CHINA: Guangzhou rail link gets go ahead, sparking protests
The city's lawmakers voted to approve funding for the project late on Saturday despite months of debate and festering bitterness at the government's proposed $8.6 billion rail link which critics say is ill-conceived, over-priced and being bulldozed through with minimal publi Read more
The city's lawmakers voted to approve funding for the project late on Saturday despite months of debate and festering bitterness at the government's proposed $8.6 billion rail link which critics say is ill-conceived, over-priced and being bulldozed through with minimal public consultation.
The final vote, 31 to 21 in favour of the rail link, sparked frenzied scenes outside, as thousands of mostly young protesters tussled with hundreds of police and riot police.
Pepper spray was used on those attempting to breach police lines into the legislature, all while many others ringed the building to prevent officials and lawmakers from leaving.
Among those trapped in their cars were transport secretary Eva Cheng who has spearheaded the HK$66.9 billion rail link, with police forming a protective ring around her vehicle while trying to clear a path for her to leave.
"When the authority made contact with Tsoi Yuen Village, the villagers were not consulted if they would want to move out or how they would be affected. Instead, they offered A, B or C compensation plans to the villagers. This is not a real consultation but a fake one," said protester Charlotte Cho.
The railway linking Hong Kong to the southern Chinese city of Guangzhou has been championed by officials as a vital infrastructure project that could bring upwards of HK$87 billion in economic benefits over 50 years by vastly cutting travel times to Chinese cities and attracting more Chinese visitors.

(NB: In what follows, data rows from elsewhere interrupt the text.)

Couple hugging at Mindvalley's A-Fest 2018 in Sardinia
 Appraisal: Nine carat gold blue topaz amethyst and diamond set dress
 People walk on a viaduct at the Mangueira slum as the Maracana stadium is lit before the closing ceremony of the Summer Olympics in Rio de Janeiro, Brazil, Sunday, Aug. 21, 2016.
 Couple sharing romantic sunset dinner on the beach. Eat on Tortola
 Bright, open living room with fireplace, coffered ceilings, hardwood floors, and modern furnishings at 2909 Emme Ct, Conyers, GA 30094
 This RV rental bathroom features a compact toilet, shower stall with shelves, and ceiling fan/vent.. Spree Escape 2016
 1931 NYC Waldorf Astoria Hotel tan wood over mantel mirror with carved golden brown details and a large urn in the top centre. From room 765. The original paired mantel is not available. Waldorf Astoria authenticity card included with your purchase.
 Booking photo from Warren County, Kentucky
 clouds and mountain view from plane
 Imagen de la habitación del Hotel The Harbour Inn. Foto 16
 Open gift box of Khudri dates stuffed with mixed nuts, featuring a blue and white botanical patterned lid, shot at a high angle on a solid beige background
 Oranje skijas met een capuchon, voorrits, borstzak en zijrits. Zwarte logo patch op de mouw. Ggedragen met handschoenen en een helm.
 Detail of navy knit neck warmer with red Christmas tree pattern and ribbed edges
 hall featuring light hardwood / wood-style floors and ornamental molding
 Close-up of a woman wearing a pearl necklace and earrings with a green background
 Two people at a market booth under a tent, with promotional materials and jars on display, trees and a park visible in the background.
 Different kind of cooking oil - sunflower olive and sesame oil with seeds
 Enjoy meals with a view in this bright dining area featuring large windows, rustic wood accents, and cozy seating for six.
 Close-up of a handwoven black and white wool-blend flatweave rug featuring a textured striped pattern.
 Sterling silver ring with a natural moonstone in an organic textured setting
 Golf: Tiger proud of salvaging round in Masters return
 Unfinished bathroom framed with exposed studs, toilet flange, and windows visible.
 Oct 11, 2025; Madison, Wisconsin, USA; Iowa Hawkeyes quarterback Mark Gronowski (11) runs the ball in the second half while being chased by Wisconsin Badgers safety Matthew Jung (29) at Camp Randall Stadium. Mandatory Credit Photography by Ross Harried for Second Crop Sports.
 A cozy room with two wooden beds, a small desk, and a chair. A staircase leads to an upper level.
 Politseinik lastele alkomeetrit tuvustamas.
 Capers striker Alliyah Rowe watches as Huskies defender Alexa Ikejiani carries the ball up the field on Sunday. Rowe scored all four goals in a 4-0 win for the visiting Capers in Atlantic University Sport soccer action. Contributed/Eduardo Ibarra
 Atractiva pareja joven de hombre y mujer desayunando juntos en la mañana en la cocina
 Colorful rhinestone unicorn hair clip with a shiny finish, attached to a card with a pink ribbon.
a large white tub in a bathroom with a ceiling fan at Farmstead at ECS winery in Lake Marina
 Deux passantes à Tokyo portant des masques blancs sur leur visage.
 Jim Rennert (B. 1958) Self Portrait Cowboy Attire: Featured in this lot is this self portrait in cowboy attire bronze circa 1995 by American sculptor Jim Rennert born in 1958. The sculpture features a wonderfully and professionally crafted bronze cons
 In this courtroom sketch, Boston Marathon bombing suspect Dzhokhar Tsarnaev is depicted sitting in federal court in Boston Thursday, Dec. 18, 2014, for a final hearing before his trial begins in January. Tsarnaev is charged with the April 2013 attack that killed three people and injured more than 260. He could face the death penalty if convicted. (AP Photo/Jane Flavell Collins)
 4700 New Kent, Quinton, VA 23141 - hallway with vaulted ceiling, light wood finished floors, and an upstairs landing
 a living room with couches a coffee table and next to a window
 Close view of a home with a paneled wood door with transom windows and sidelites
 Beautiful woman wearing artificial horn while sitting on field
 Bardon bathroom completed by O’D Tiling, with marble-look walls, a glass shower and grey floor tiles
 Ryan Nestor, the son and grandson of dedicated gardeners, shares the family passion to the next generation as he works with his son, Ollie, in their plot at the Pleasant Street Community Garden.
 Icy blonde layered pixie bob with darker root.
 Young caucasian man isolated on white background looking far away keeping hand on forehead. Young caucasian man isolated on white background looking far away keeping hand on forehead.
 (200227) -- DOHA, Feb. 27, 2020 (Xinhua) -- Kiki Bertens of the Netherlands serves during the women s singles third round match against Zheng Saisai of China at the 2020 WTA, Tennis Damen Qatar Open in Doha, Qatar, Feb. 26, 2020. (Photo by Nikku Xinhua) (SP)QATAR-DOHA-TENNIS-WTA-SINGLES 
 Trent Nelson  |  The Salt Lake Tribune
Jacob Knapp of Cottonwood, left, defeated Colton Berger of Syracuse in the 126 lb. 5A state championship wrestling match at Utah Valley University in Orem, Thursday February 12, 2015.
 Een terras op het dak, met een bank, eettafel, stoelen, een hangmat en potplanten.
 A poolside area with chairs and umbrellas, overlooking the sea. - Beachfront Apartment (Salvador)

But public bitterness has grown over the planned razing of a village and rural swathes to make way for the project, along with growing cost estimates that now make the rail link one of the most expensive in the world on a per kilometer basis.
The government's insistence on ploughing ahead with the railway has also catalysed a fresh push for full democracy among a new generation of young activists in the city, who are demanding a more accountable and people-based government.
Hong Kong, a former British colony that switched to Chinese rule in 1997, is constitutionally obliged to realise full democracy as an ultimate aim. But the slow pace of reforms have frustrated opposition democrats.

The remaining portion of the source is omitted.